Challenges posed by the Irish border
The border between NI and the ROI is the United Kingdom’s only land border, partitioning the six counties of NI from the 26 of the ROI, although the border is today largely inconspicuous. NI was the last region in the United Kingdom to have its analogue television signals switched off in 2012 in the move to DTT, gaining a place in broadcasting history (BBC News, 2012). Prior to digital switchover, audiences across the island of Ireland had been able to (depending on location and signal strength etc.) access television from the opposite jurisdiction to the one they resided in (Ofcom, 2013c). In his extensive account of how ROI television services eventually became available in NI, Ivory (2014) outlines how this had long been a policy goal for numerous ROI governments over a period of some 50 years.

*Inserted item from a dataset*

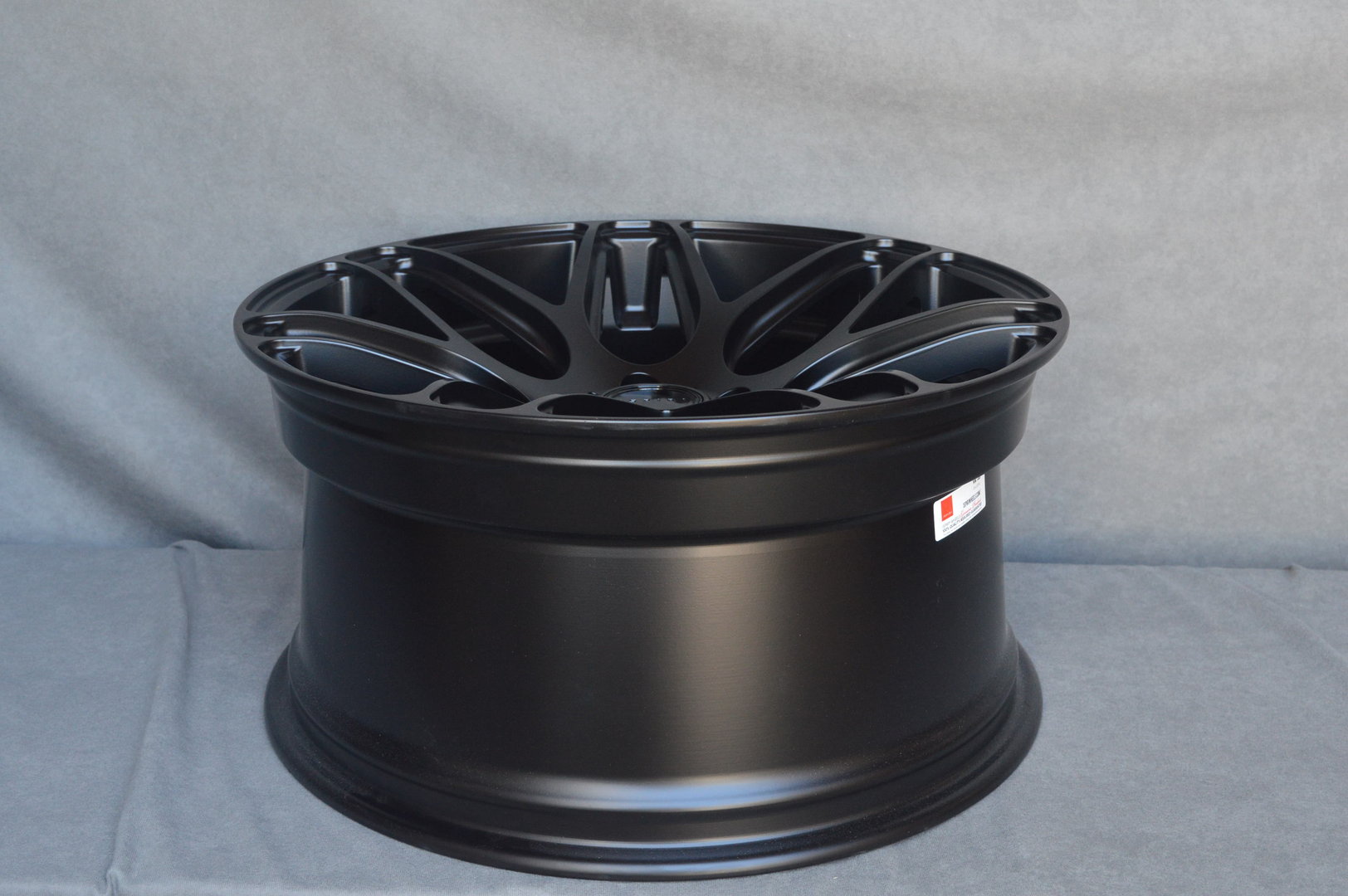 ISPIRI ISR10 19" 10J ET22 + 10J ET33 5x120 Matt Black - obrazek 6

Exploration for formal access for NI audiences to the Irish language television channel TG4 (previously entitled Teilifís na Gaeilige and headquartered in the ROI) was agreed in the 1998 GFA and was reiterated in the April 2003 Joint Declaration by the British and Irish Governments (UK Government and Irish Government, 2003: 9). Resulting action led to analogue broadcasting from Belfast in NI before digital switchover (DCMS, 2009: EV 93), and a commitment from the UK government moved to ensure that TG4 would be available on Freeview (the United Kingdom’s main DTT platform) in NI (DCMS, 2009: EV: 93). In October 2012, a new venture between RTÉ (the Irish public broadcaster) and TG4 started broadcasting in NI, enabling audiences through Freeview HD to watch the ROI channels, RTÉ 1 and RTÉ 2, alongside the previous commitment to screen TG4 (DCMS, 2012). The channels are also available through spillover access from Saorview (the ROI’s main DTT platform) (Ofcom, 2013c). Under the arrangements described here, having RTÉ services formally made available in NI has been reciprocated by significant audience demand. The percentage of the television-owning population in NI who watch RTÉ 1 and 2 monthly are 41% and 38%, respectively (with 31% watching RTÉ 1 on a daily basis) (Ofcom, 2013a: 45). TG4, the channel originally agreed by the GFA, is watched by 18% of people who receive the channel, while TV3, an Irish channel that is only accessible in NI through DTT overspill from the ROI’s platform (Ofcom, 2013a: 44), is watched by 19% of the television-owning population.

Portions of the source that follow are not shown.